I am currently living upstate, away from the city. I’ve been here for 4 years with my wife and boy after living in New York City my entire life. I commute almost everyday to my job and have found that my writing happens in between the places I land in. I am in a transition before and after I land, the kitchen table and the morning train are where I take my laptop. The city and the world have become my place to write. I used to have a more centered place, a desk and chair, when I lived in the city and didn’t have such a long commute. Now that it takes me awhile to get anywhere, my writing is sort of searching to find a place for me. My writing is telling me it’s okay to write wherever I can…like a constant companion, a nuisance, a lover, a muse. I am reminded of my transition every time I sit at my place of poetry, because that place has become the transition itself.
Edwin Torres, USA
Poetry made of charms
In order to write, I fill my room with charms. These magical objects transform my simple wooden desk into a space crafted from unknown magic, with no beginning or end. The east opens, and I can see a new world – reaching all the way to the dark edges of town.

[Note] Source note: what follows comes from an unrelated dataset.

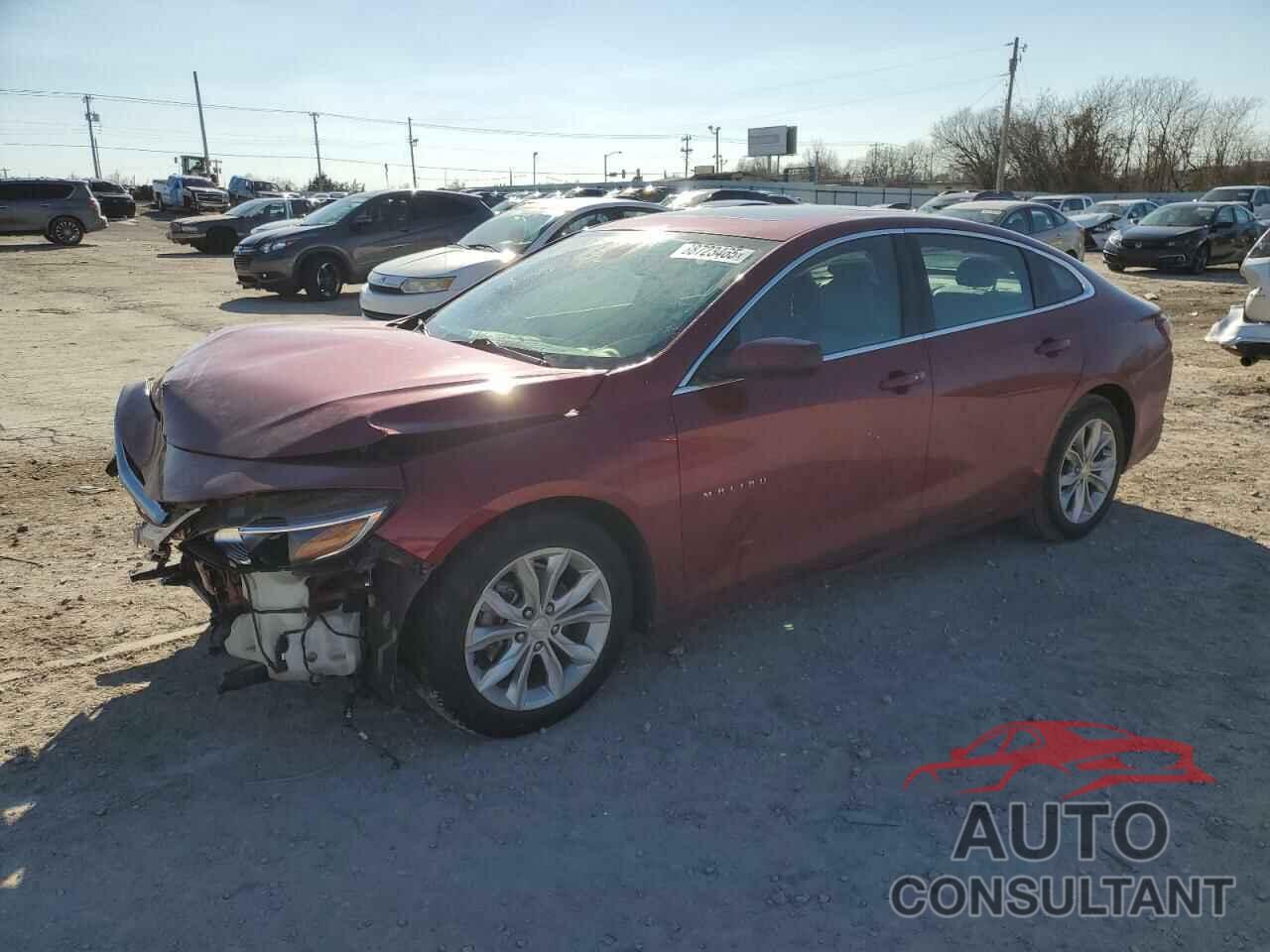 CHEVROLET MALIBU 2019 - 1G1ZF5SU5KF190552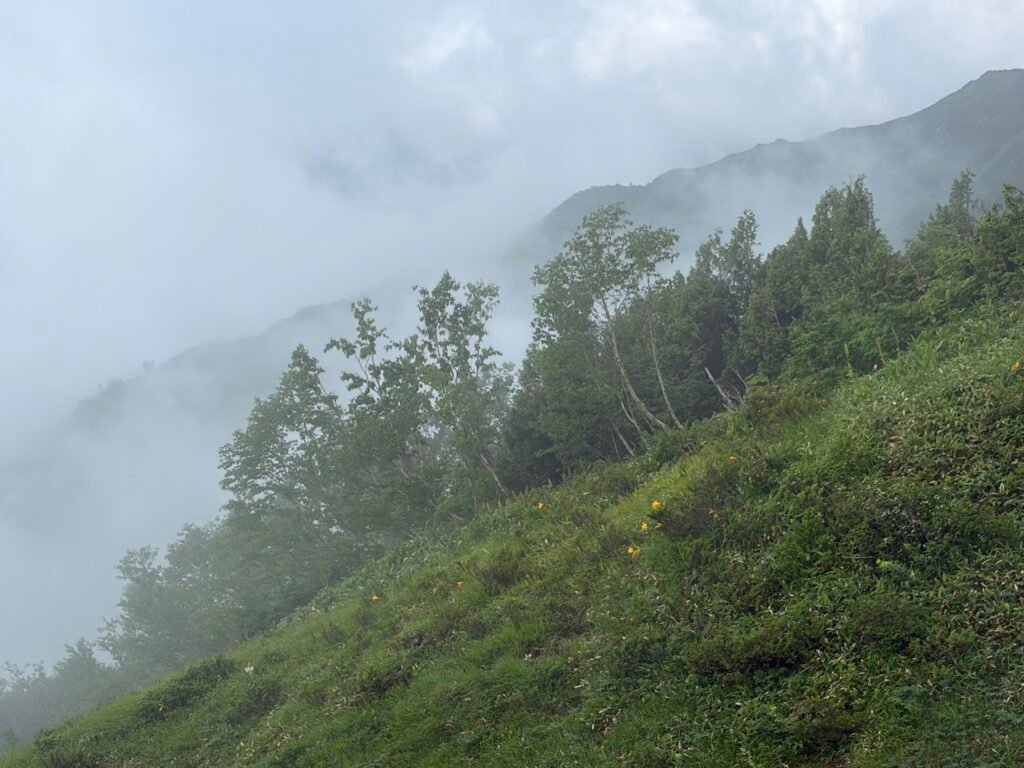 s 118947855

I start collecting my charms: a vintage photograph by Julia Margaret Cameron entitled “I Wait”; An old photo of me standing next to Nadav Cohavi RIP, from the time we had a band in LA; A gray plastic elephant my girlfriend Ayala got me, a magical cat standing at the gates of the ancient world of eternity, which I bought during a visit to the Pyramids many years ago; a Palestinian postcard from old Jaffa to complete them all.
I look at them surrounding me, and start hearing an old but new melody of prayer.
A spirit of Love and social change.
Mati Shemoelof, Tel Aviv/Israel
Meanwhile, in Another Place
The Italian poet Giovanni Pascoli had three tables–one for each of the three languages between which he translated: Italian, Greek, and Latin. Translation took place in the interstices. Translation is vital. Come! We’re crossing over. Between the tables lies the most important thing. Between the tables, other languages grow. That is where you find the only worthwhile thing you can report on at home. At home? My desk! Every word a table. Excuse me. I’m all messed up: the desk is my head. I’ll tidy up in my head. Every surface is a potential table. Excuse me: a potential word. Operating table or altar? Card table in the control tower, life or death, here the battle has to be fought.
Askew in the skew, there is the laptop: a platform, a pulse. Where do I start? I tidy up. I lay the cards on the table. I move jerkily. Desk seismograph. Books push their way upward through the geological strata of the desk. I know what to do: write every day. Read every day. Hang in there. Read difficult books. Write good poems. It’s as simple as that. This morning, time feels a little more real. I wash down an aspirin with cold coffee. The house across the way washes over me. The desk grows upwards around me like shrubbery, and I sense my own musty odor. My desk is a mess. On it, are notes for poems, cups, wine glasses, books, scissors, headphones. Entrance ticket. Felt-tip pen. Toothbrush. Cell phone. Money, wallet, pencil. Where do I begin? Writing is tidying up. The ray of doubt encounters wonderful things.
In the Museum of Copenhagen, there is a Søren Kierkegaard exhibition. I lean against his desk, I catch myself doing it. Here, he moved between his pseudonyms, he wrote between the desks, he went from book to book. Each table was a new name and a new book. In the desks, there were secret drawers, places for papers, that shunned the light, letters, notes, dire and inaccessible. Søren Kierkegaard wore the engagement ring up to his death: “Since I have never known the date regarding the breaking off of my engagement, I made an attempt to calculate it. This attempt is on a slip in the older packet in gray paper, which lies in the small drawer in my desk, and on this packet it says: Destroy after my death.” There are traces of wear, traces of Regine, in the green felt of the desk.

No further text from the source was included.